Newsweek's Michael Isikoff claims that the KSM trial in NYC may not necessarily go forward:
Top administration officials are getting nervous that they may not be able to proceed with one of their most controversial national-security moves: trying Khalid Sheikh Mohammed and four other accused 9/11 conspirators in federal court in New York City. Last November Attorney General Eric Holder Jr. portrayed the trial as a way to showcase the American justice system to the world—and to accelerate President Obama's stalled plans to shut down the U.S. prison at Guantanamo Bay. But because of shifting political winds in Congress, the trial is now "potentially in jeopardy," a senior official, who did not want to be named talking about a sensitive situation, tells NEWSWEEK. The chief concern: that Republicans will renew attempts to strip funding for the trial and, in the aftermath of the bombing attempt aboard Northwest Flight 253, pick up enough support from moderate Democrats to prevail.
Part of the shifting political winds includes the election of Scott Brown to the U.S. Senate from Massachusetts, which occurred after this blog entry was published. Brown opposes giving civilian trials to captured terrorists.

CNN Anchor Blasts Ft. Hood Report

CNN's Jack Cafferty used to be one of the Bush administration's most vociferous critics. Lately, Democrat leaders in Washington have become the subject of his wrath. In this clip, he calls the Pentagon's 86-page report on the Ft. Hood shooting rampage a joke and a politically correct whitewash:

Christmas Day Bomber and Bureaucratic Bungling

It's incredible that this proposed legislation is even necessary, but as the saying goes, it is what it is:
Senator Susan Collins, R-Me., Ranking Member of the Senate Homeland Security and Governmental Affairs Committee, introduced legislation Thursday to require that U.S. intelligence officials be consulted following a foreign terrorist’s detention by the United States.
The legislation would address a serious error that occurred in the handling of the so-called Christmas Day terrorist, Umar Farouk Abdulmutallab, who was charged in civilian criminal court.
At a Homeland Security Committee meeting Wednesday, Senator Collins learned during her questioning of witnesses that none of the three top U.S. intelligence officials had been consulted about that important decision. The determination to place Abdulmutallab into the U.S. civilian court system was made without their input or knowledge.
Senator Collins said this mistake “may have prevented the collection of valuable intelligence about future terrorist threats to the United States. Frankly, I was stunned to learn that the decision to place the captured terrorist into the U.S. civilian criminal court system had been made without the input or the knowledge of any of those three top intelligence officials:the Director of National Intelligence, the Director of the National Counterterrorism Center, and the Secretary of Homeland Security."
“These officials were never consulted by the Department of Justice. The decision was made without them.”

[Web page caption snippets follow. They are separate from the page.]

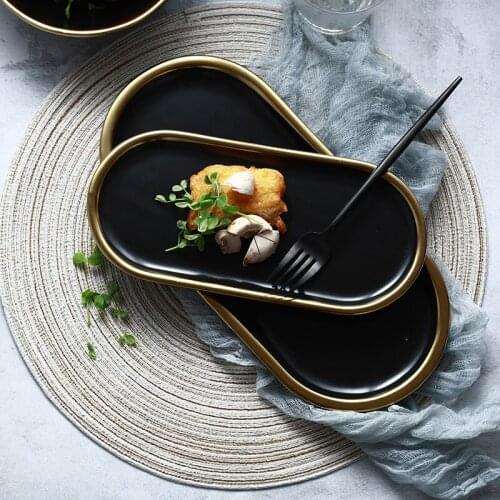 1pc European Style Dinner Plate Black Ceramic Rice Plate with Gold-edge Minimalist Dinnerware Pasta Dish Decorative Plate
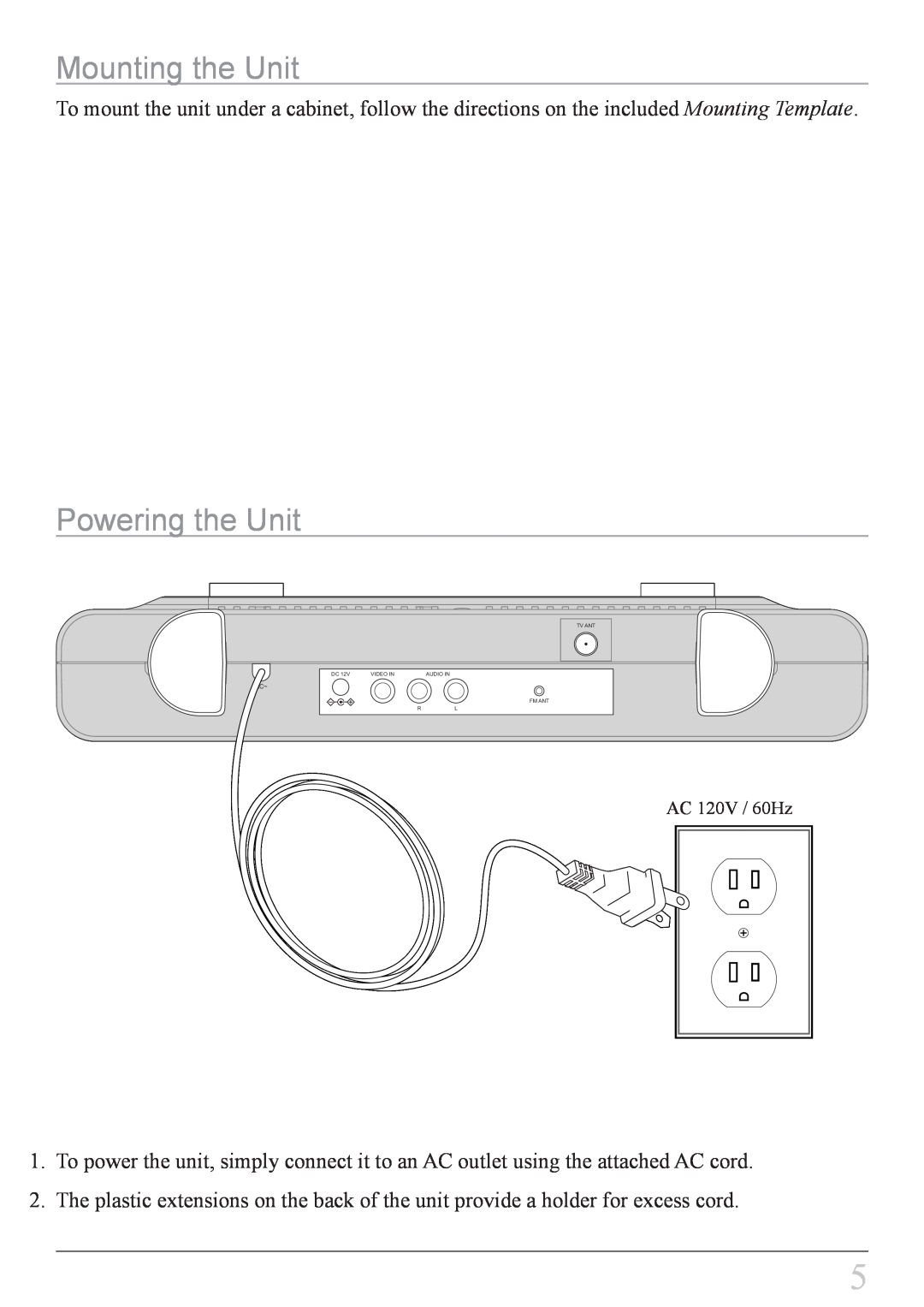 GPX KCL8807DT instruction manual Mounting the Unit, Powering the Unit, AC 120V / 60Hz 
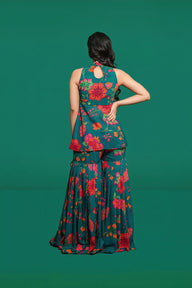 GREEN FLORAL GHARARA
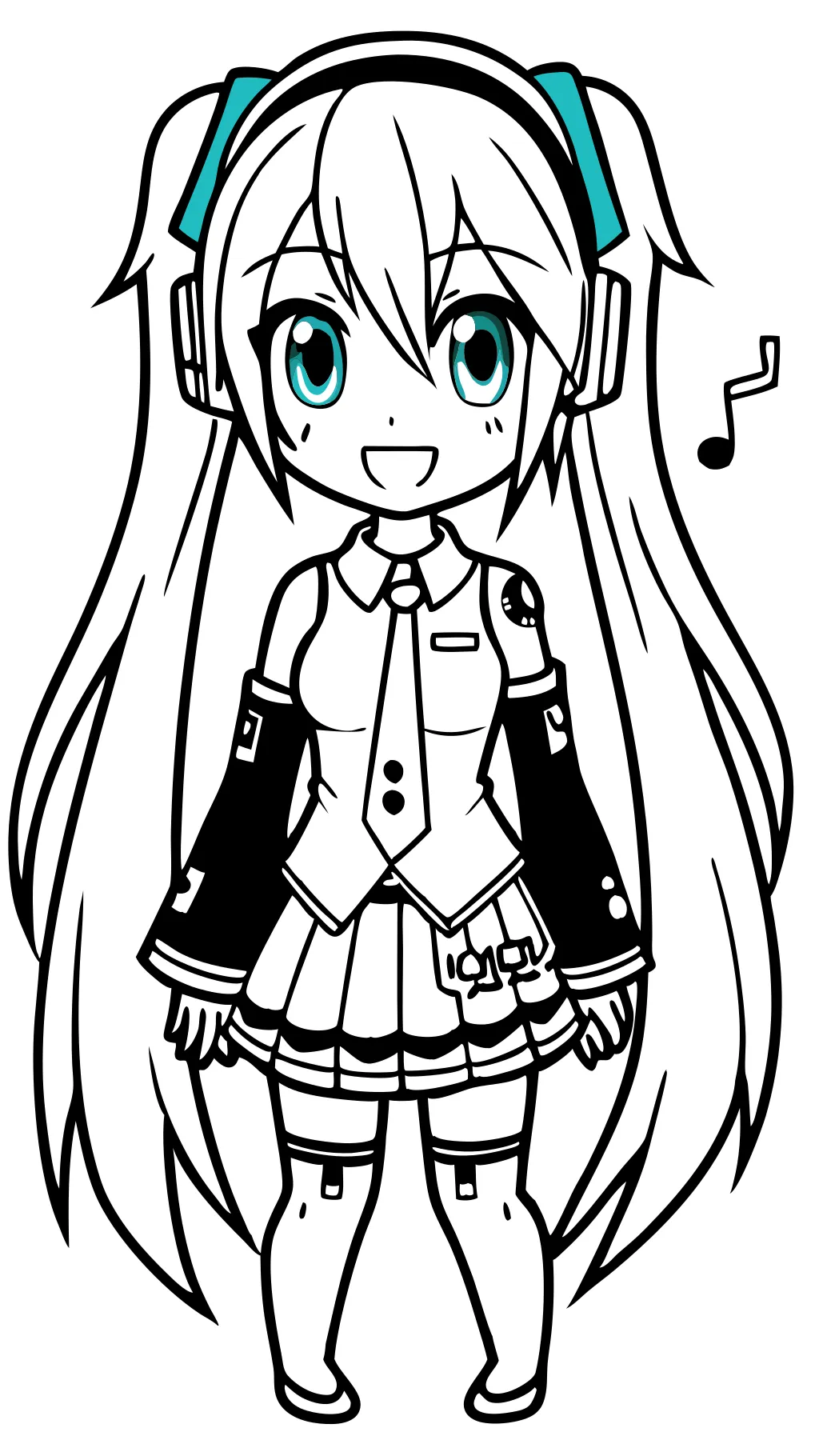 coloriage de hatsune miku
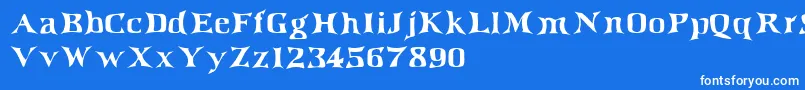 Czcionka Irishjig – białe czcionki na niebieskim tle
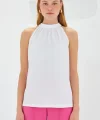 0489 Halter Yaka Örme Bluz  Beyaz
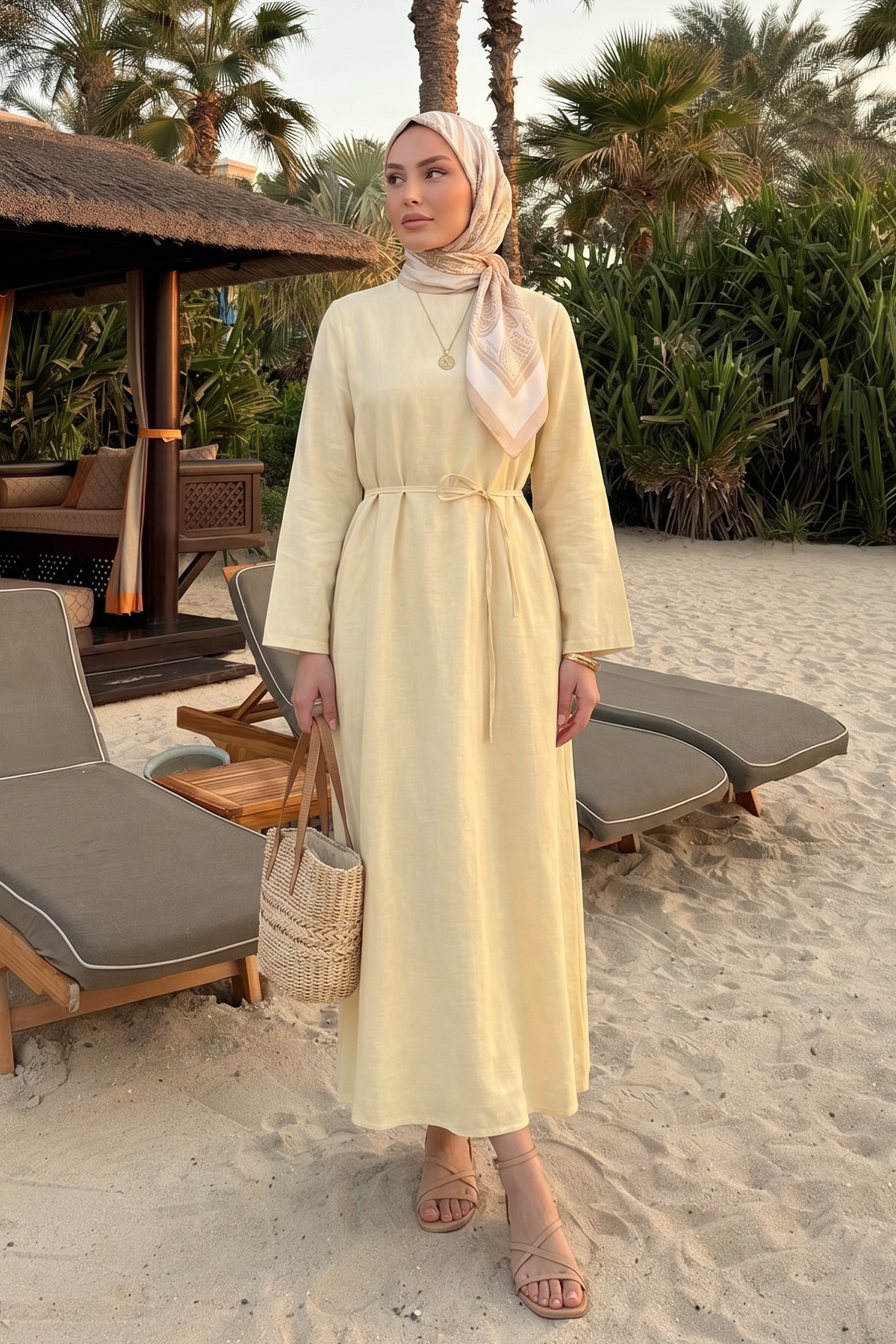 Sultan Basic Elbise 0001 - TEREYAĞ SARISI |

Administration Panel: 25% Of Gitmo Detainess Too Dangerous To Release

A committee made up of officials from the Justice Department, Defense Department, DHS, State Department, and CIA and FBI has determined that some detainees must stay locked up for the duration:
A Justice Department-led task force has concluded that nearly 50 of the 196 detainees at the U.S. military prison at Guantanamo Bay, Cuba, should be held indefinitely without trial under the laws of war, according to Obama administration officials.
The task force's findings represent the first time that the administration has clarified how many detainees it considers too dangerous to release but unprosecutable because officials fear trials could compromise intelligence-gathering and because detainees could challenge evidence obtained through coercion.
Human rights advocates have bemoaned the administration's failure to fulfill President Obama's promise last January to close the Guantanamo Bay facility within a year as well as its reliance on indefinite detention, a mechanism devised during George W. Bush's administration that they deem unconstitutional.